**Exercise**
Quote, exactly, the line holding "Килимок туристичний складаний" and all lines after it to the end of the records below. Exclude pictures.

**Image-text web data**
-- -- --

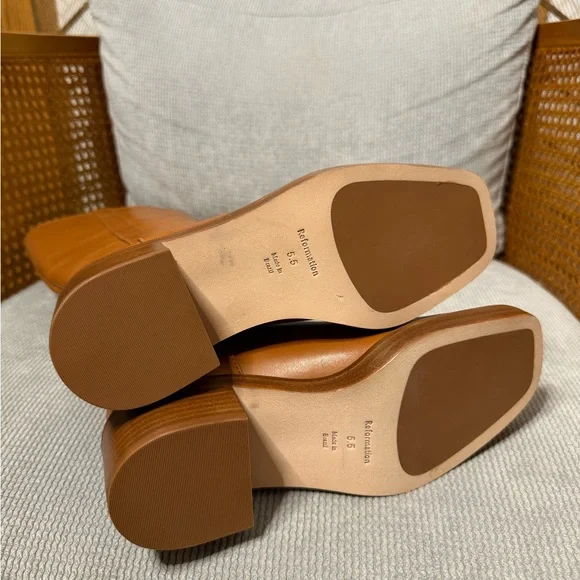 Reformation Frances Knee High Boot Whiskey Leather - Picture 9 of 10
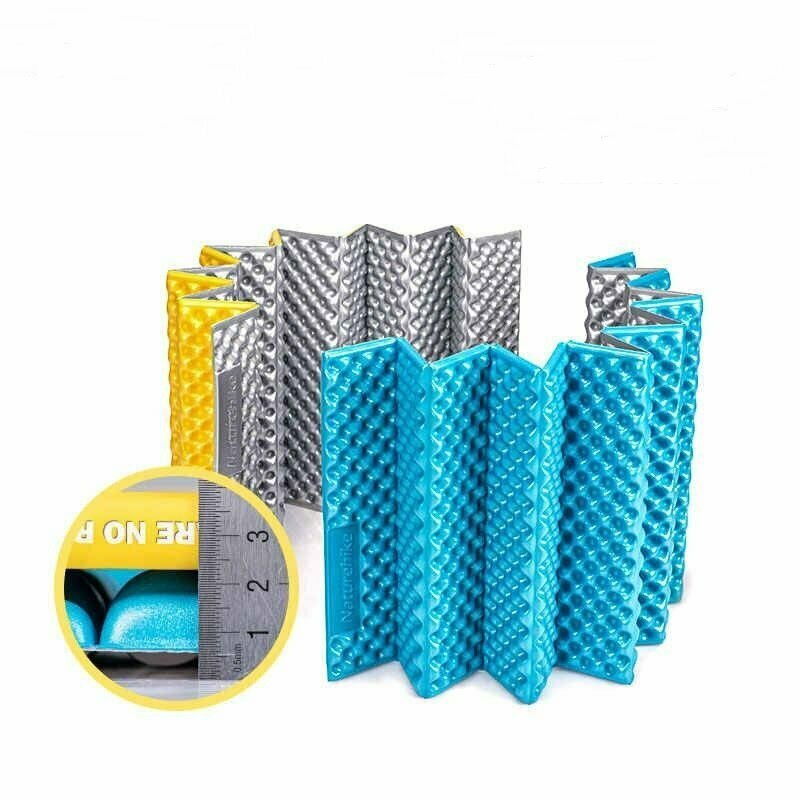 Килимок туристичний складаний одномісний IXPE Naturehike Thickened NH20FCD07 кемпінговий з алюмінієвою плівкою, 187x56x2,5 см, блакитний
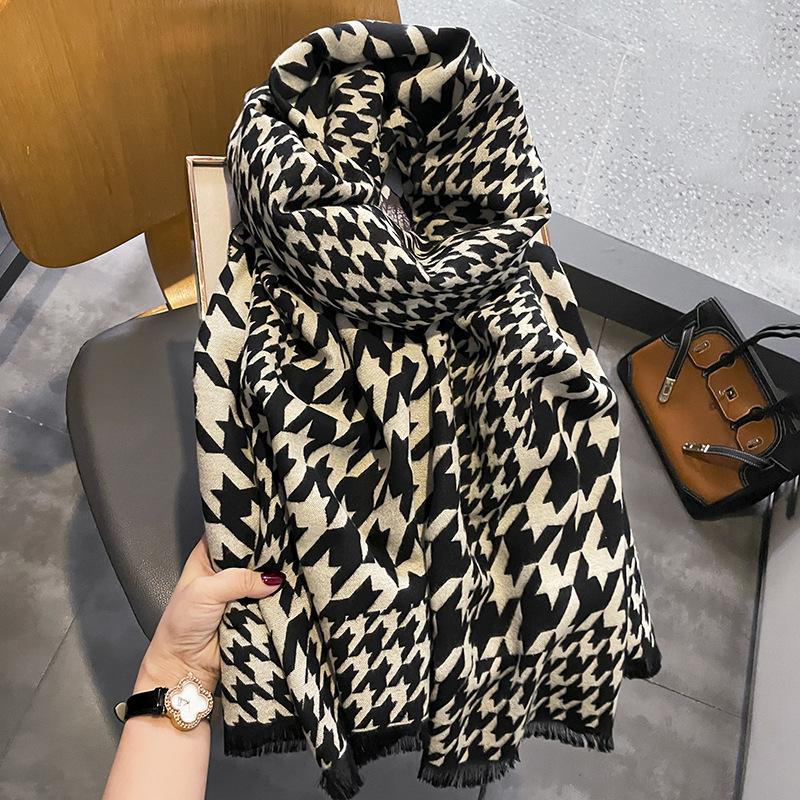 Winter warm couple imitation cashmere scarf new versatile thickened cold-proof fringed scarf women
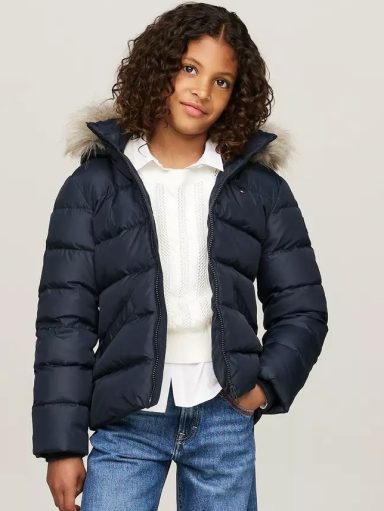 Tommy Hilfiger Girls Faux Fur Hooded Puffer Jacket. RRP £130.00. Procured for Chinese customer for £95.00 Tommy Hilfiger Girls Faux Fur Hooded Puffer Jacket. RRP £130.00. Procured for Chinese customer for £95.00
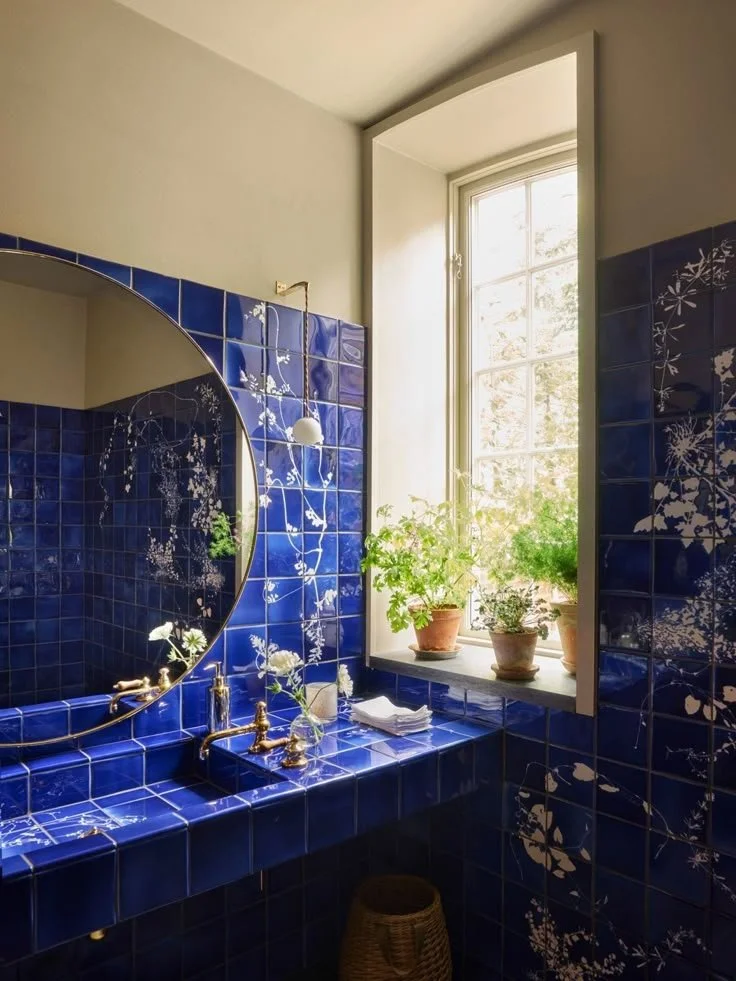 LAVABO CERAMICA AZUL COBALTO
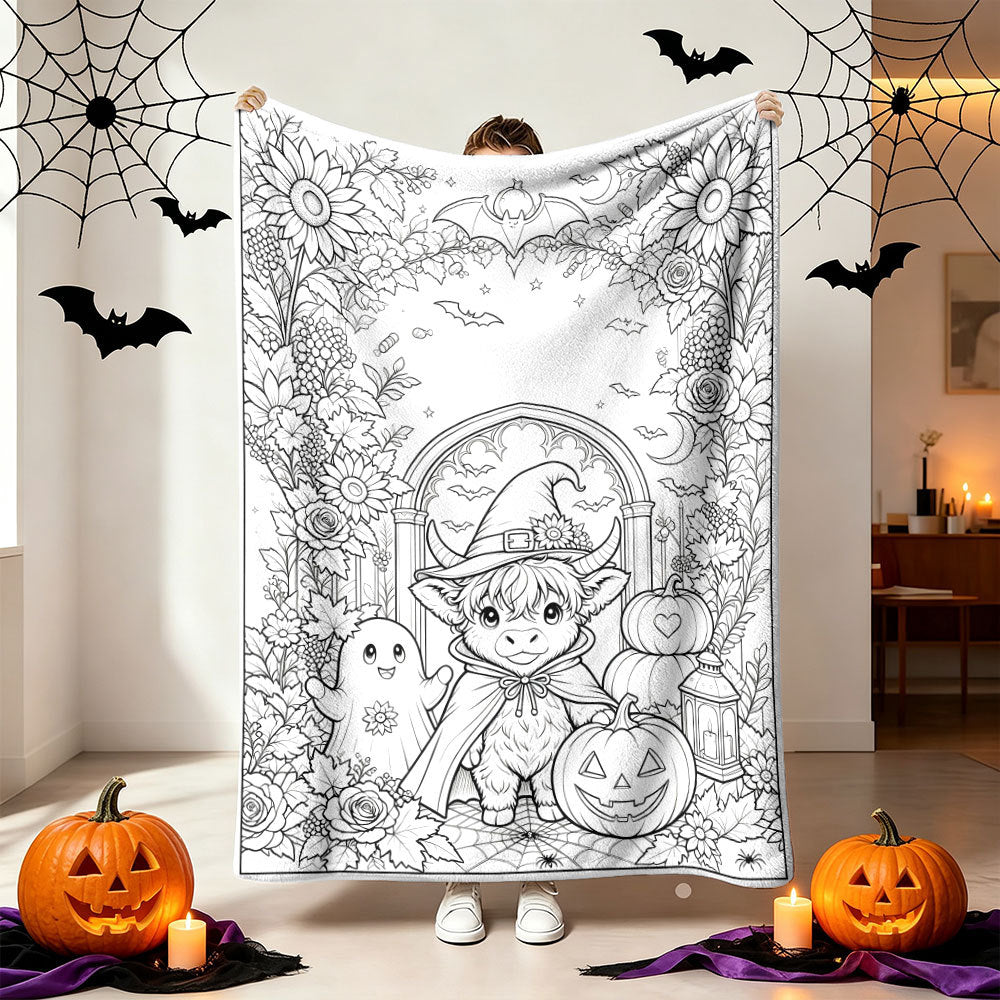 Cozy Halloween-Themed Throw Blanket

-- -- --

**Solved problem**
 Килимок туристичний складаний одномісний IXPE Naturehike Thickened NH20FCD07 кемпінговий з алюмінієвою плівкою, 187x56x2,5 см, блакитний
 Winter warm couple imitation cashmere scarf new versatile thickened cold-proof fringed scarf women
 Tommy Hilfiger Girls Faux Fur Hooded Puffer Jacket. RRP £130.00. Procured for Chinese customer for £95.00 Tommy Hilfiger Girls Faux Fur Hooded Puffer Jacket. RRP £130.00. Procured for Chinese customer for £95.00
 LAVABO CERAMICA AZUL COBALTO
 Cozy Halloween-Themed Throw Blanket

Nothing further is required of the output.